My family and friends drove north from Huntsville, AL the 2-3 hours to get into the path of totality. The weather was better than usual. As we drove into Tennessee, scattered cumulus and towering cumulus clouds were forming.
Our preferred destination was Hurricane Marina, 50 miles east of Nashville. This is a beautiful and rather remote spot on Center Hill Lake, and it has huge houseboats owned (I assume) by some of the wealthier people in Nashville.
The two concerns driving there were traffic and the weather. Traffic was not too bad. We had previously decided to take the back roads as much as possible. Scattered clouds were forming, but I hoped that the skies would be clearer around the lake, which is large and often suppresses convection during fair weather.

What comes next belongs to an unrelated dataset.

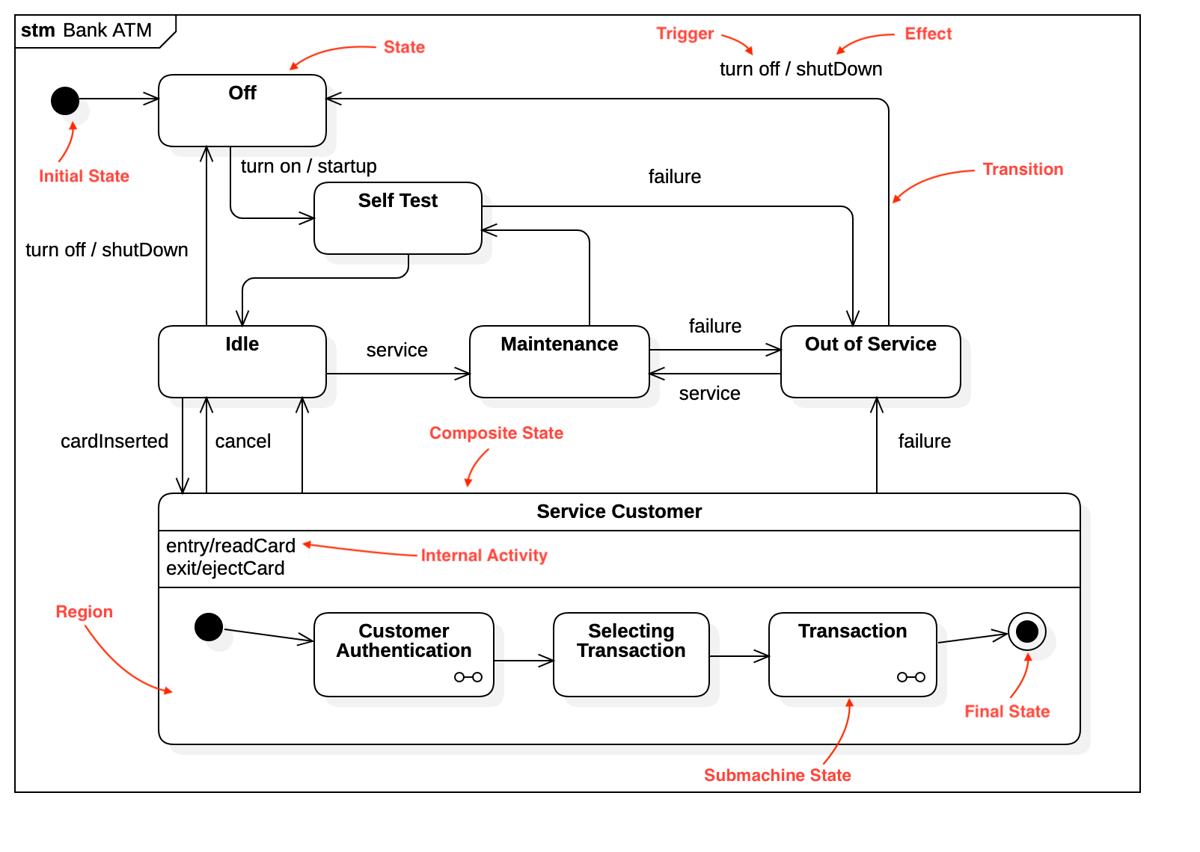 Statechart Diagram | StarUML documentation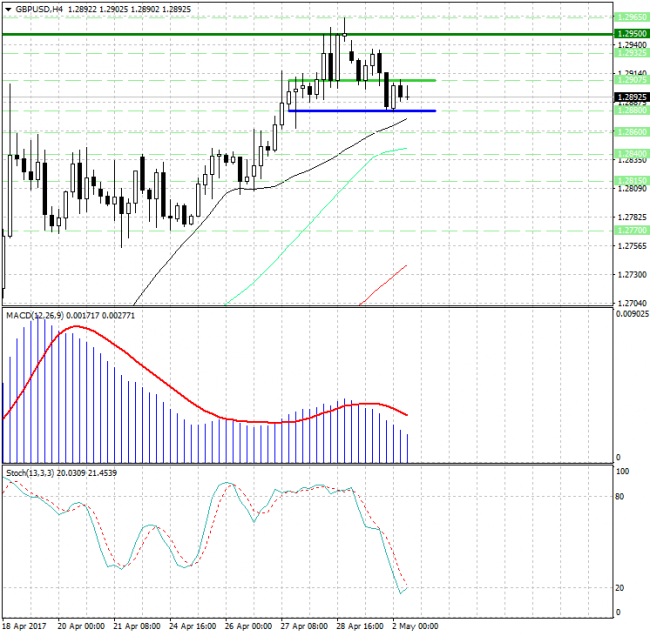 GBP/USD. Осторожная 'ставка' на медведей... GBP/USD. Осторожная 'ставка' на медведей...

When we arrived the parking lot — which is huge — was already full. We walked out on the dock to the restaurant/store, and set up folding chairs in the red tent with the blue roof in the photo, to the right of the main building. It was very warm and humid, typical for Tennessee in August.
I started setting up my two camera tripods at the lower-right corner of the platform the restaurant and shop are on. It was then that I realized the entire dock was floating (even the one with the store & restaurant) and it wouldn’t be stable enough for time lapse photography.
So, we watched the sun become covered by the moon with our eclipse glasses. The surroundings darken so gradually you barely notice the effect.
Then I suddenly realized all of the clouds were gone. The reduction in solar heating was just enough to cause the convective thermals to weaken and not penetrate the inversion that was no doubt present.
I decided to carry my equipment to the rocky shoreline in the left-center portion of the above photo. By the time I got there the landscape was getting darker by the second. I set up both tripods up the bank a ways and realized my main camera would not get both the lake surface and the sun in the frame, even at 15 mm focal length, which is very wide angle.
I quickly took one tripod to the water’s edge, set it up on three unstable rocks, inserted my intervalometer that controls the timing of the photos, and… the little button battery fell out into the water under one of the rocks.
I quickly found it, dried it, inserted it, set it to 2 second intervals and started it up. Here’s the resulting time lapse video… this is high-def, so if you watch full-screen at 1080p, you will see Jupiter at left-center.
I set the camera to a fixed exposure so you could see just how dark it gets during totality; the start of the video, even though overexposed, is when the moon has covered the sun by 97-98%, so it was already pretty dark. The video is running 30 times faster than real time.
As the sky quickly darkened, I rushed to the other tripod and placed my Nikon P900 superzoom, which I only use for video at high magnification, on it. I had already decided to not fool with the settings, and just let it run on “auto” and see what I got. The camera took video for about 5 minutes, and I learned afterward it was having difficult focusing.
Here are a couple of screen shots from the video:
I was surprised how quickly it becomes dark as totality approaches. We had 2 minutes and 38 seconds of totality. Just as soon as totality started, fish near me jumped out of the water, and birds and crickets started chirping.
Back in Huntsville, which experienced 97% of totality, I was taking air temperatures every 10 sec in our backyard. I took ambient air temperature, as well as the air temperature in a Styrofoam cooler, painted black inside, with Saran Wrap covering it. The ambient air temperature drop during the maximum portion of eclipse was about 10 deg. F, while temperature drop in the cooler was over 100 deg. F.
It was a thoroughly enjoyable experience. This was my first total eclipse, and we were indeed fortunate to have good weather for it.